Ava and Benoit had attended Penn State together and were both in the engineering programme. Ava was herself from Pennsylvania. I’m not sure how they’d met but they both frequented Bob and Karen’s scotch and cigar lounge and had become friends somehow.
Ava looked as if she could be a model – or straight from a 1940s pin-up and she even did sort of victory roll hairstyles and wore gorgeous gowns from time to time in her photos. And she liked to drink scotch and smoke cigars, so she was an interesting character. Gorgeous but could be one of the lads sort of girl.
I’m not sure if Benoit ever harboured secret feelings for her but she was one of those people that you meet and even though they are perfect you can’t help but like them anyway. She was kind, intelligent, humorous, and interesting. Her husband, Thomas, was from Yorkshire. If I remember correctly around Harrogate and since I hailed from the North of England, too, that was a point of common interest. Ava was around my age and Thomas around Benoit’s age.
It was the first time I’d met them but they were a magnetic power couple.
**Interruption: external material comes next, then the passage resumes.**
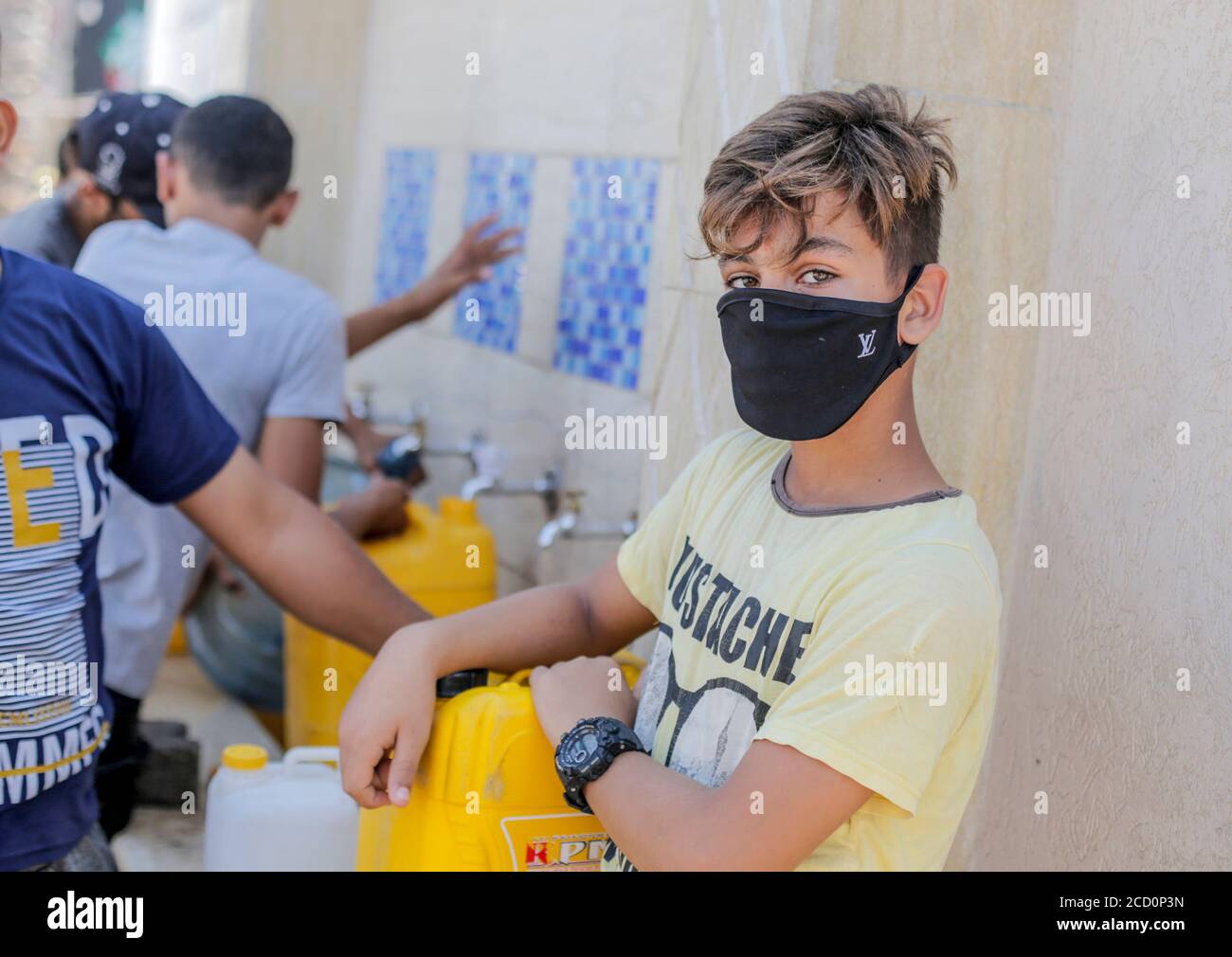 A kid wearing a face mask as a preventive measure waits to fill bottles with drinking water from a desalination plant during the Coronavirus (COVID-19) lockdown .Gaza reported its first cases in the general population as authorities confirmed four infections at a refugee camp and security forces declared a full lockdown for 48 hours. The four cases were from a single family, according to a government statement. The closure would affect the entire Gaza Strip, according to an official from Hamas, the group that governs the territory. Stock Photo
I think they are both engineers of sorts and I want to say Ava is part of the SLT at her company now in California and she juggles that with still looking fabulous and having two gorgeous children (but they didn’t have children back then) – and travelling the world together.
She was probably another mirror held up of perfect womanhood to Benoit, a mirror I didn’t reflect, and more ways I failed at being “the perfect wife.”
Even looking back on the photos, you can see Ava and Thomas’ body language is strong with each other, arms firmly around each other in photos, leaning towards each other, whilst I can now see Benoit starting to pull away.
In conversations – and this was before he was recruited for and interviewed for positions – he made “I” not “we” statements. He wanted to learn to become a pilot. He wanted to go back to grad school. He wanted to earn more.
He wasn’t envisioning a future for “us”; he was thinking of his own future. I just didn’t see it at the time. How I felt or what I wanted didn’t factor into anything.
Coming up next, visiting England and moving to Minneapolis, Minnesota followed by another chapter on when my first husband left me unexpectedly…by text.
New here or haven’t followed from the beginning, why don’t you catch up on the other seventy-nine posts I’ve written, including the one on why I’m writing these chapters in the first place – with the odd “present day snippet” of what is happening in my world lately. (Spoiler: things are much, much better.)
Did you ever have a sudden life change that you weren’t prepared for? How did you handle it?
Great story. Hope you expand it into a book at some point as it seems chock full of experiences that many women can relate to and more details would help in understanding how you came to be where you are now. Love your writing, pics, gifs… All of it. Thanks for sharing your story.